La paura e la gestione di essa è sicuramente uno dei temi centrali quando si parla di coesistenza con la fauna selvatica. Una paura arcaica, che affonda le radici in un passato remoto, in un rapporto preda – predatore che in parte ci portiamo dentro da migliaia di anni. Una paura alimentata da leggende e luoghi comuni. “Non fare così, guarda che l’orso ti mangia” e ancora “Se non fai il bravo arriva il lupo e ti mangia”. I grandi carnivori vengono tutt’oggi descritti come inarrestabili mangiatori di uomini; belve feroci che non vedono l’ora che un bambino si comporti male per riempirsi la pancia e saziarsi. A nessuno la colpa, ma a tutti l’impegno di portare la conoscenza di questi animali nelle case della gente. Una conoscenza oggettiva, scientifica e chiara che possa riportare in natura il ruolo di questi animali.
Avere paura, come dice Samuele è più che lecito ed è proprio questo che Alissa e Manuel, infiltrati nel pubblico, chiedono ai nostri esperti di fauna. “Avete mai avuto paura?”.
“Ogni mattina, quando ci svegliamo dovremmo avere paura di tante altre cose, piuttosto che dell’orso.” Risponde Filippo Zibordi. “Ci sono molti pericoli che noi sottostimiamo che hanno molto più rilievo di quelli che si verificano quando entriamo in un bosco e praticamente infimo è il numero di incidenti legati all’orso. Ciononostante l’orso è un animale grande e grosso che può diventare pericoloso nel momento in cui si sente minacciato e avere paura è lecito. Le prime volte che uscivo a monitorare gli orsi avevo timore. Anche se avevo tutte le strumentazioni per localizzare gli orsi e quindi sapevo dove potevano trovarsi, l’idea di incontrarli mi spaventava. Entrando poi in confidenza con il lavoro, ho capito che avevo più paura di incontrare un malintenzionato nel bosco piuttosto che un orso”.
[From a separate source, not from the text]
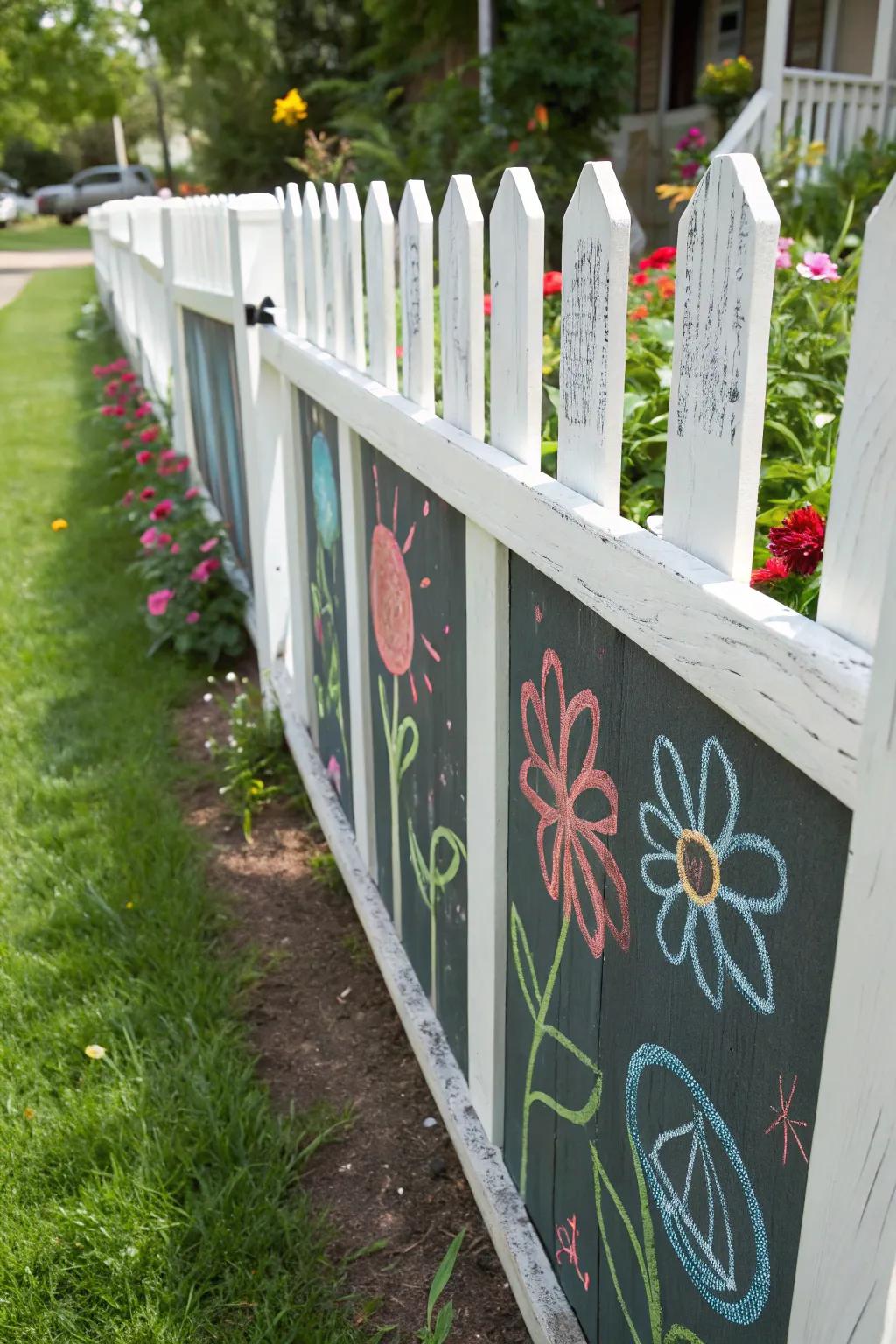 A playful blackboard picket fence offering endless creative opportunities.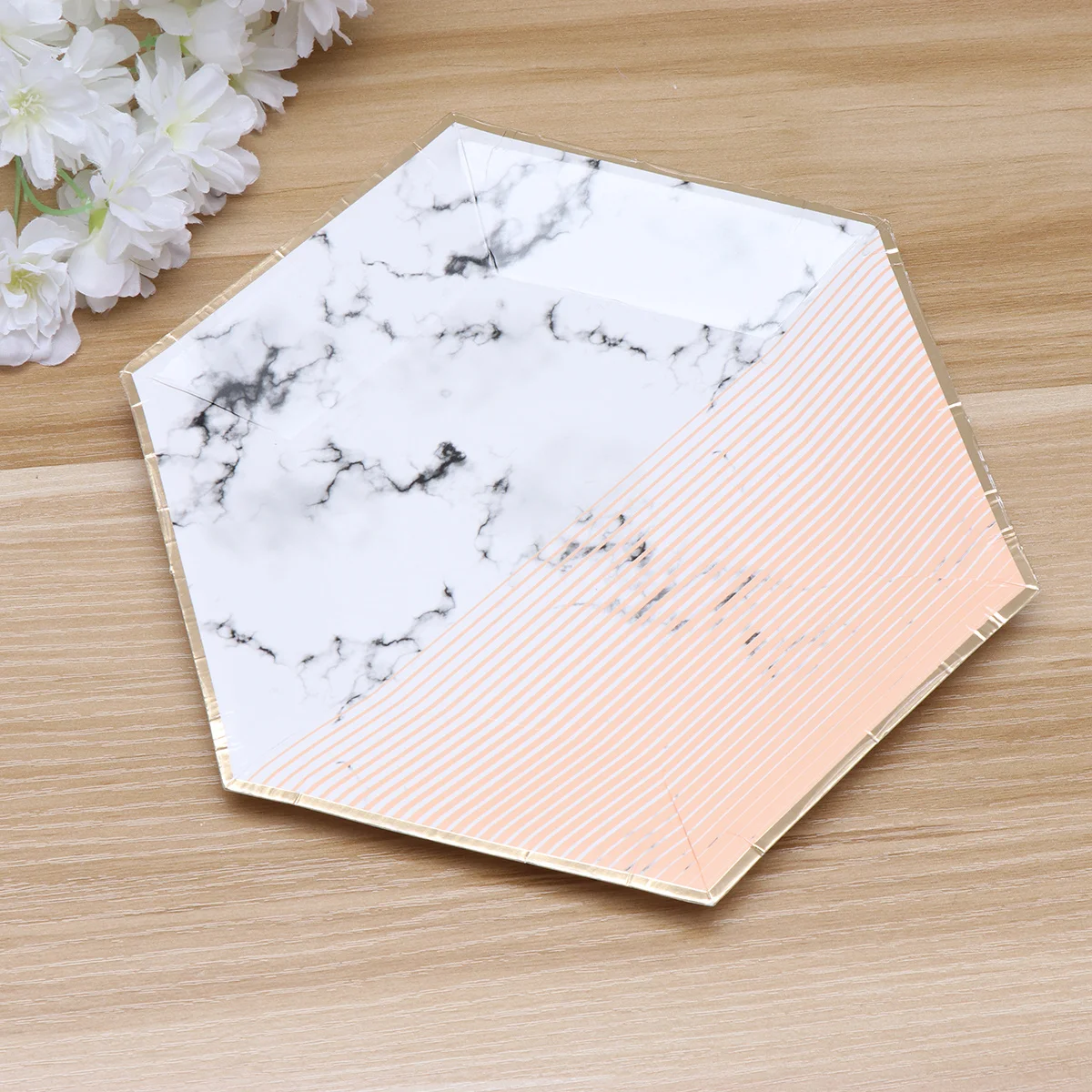 

8pcs 8 Inch Pink Gold Foil Marble Pattern Hexagon Paper Plates Disposable Dinnerware For Birthday Party Carnival Family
Anche Enrico Ferraro, da anni dedito allo studio e al monitoraggio del lupo, concorda nel dire che la paura è lecita, ma sottolinea anche la necessità di oggettivare e ridimensionare la presunta pericolosità del lupo. “Lupo e orso, pur essendo grandi carnivori, si comportano in maniera molto diversa. Aggressioni da parte di lupo in Italia non se ne registrano da circa 150 anni e il lupo è un animale che tendenzialmente scappa. Quando mi chiedono cosa fare in caso di incontro con il lupo dico di tirare su la macchina fotografica e immortalare quel raro ed effimero incontro”.
La paura però è presente negli abitanti del territorio. Il lupo è da poco tornato a popolare queste aree alpine, “la gente non è pronta” ci dice Paolo, il gestore del Rifugio Lancia. “Le persone hanno paura di incontrarlo, la gente che sale a piedi la sera per cenare in rifugio è diminuita. Sono a favore della convivenza, ma capisco e condivido le paure di chi vive la montagna”.
La strada è ancora lunga, ma la voglia, l’entusiasmo e soprattutto la necessità di lavorare sul tema della coesistenza è alta. I giovani con i quali abbiamo lavorato saranno i cittadini, gli allevatori, gli alpinisti e i rifugisti di domani. Siamo nelle loro mani e loro, per il possibile che possiamo fare, dono nelle nostre.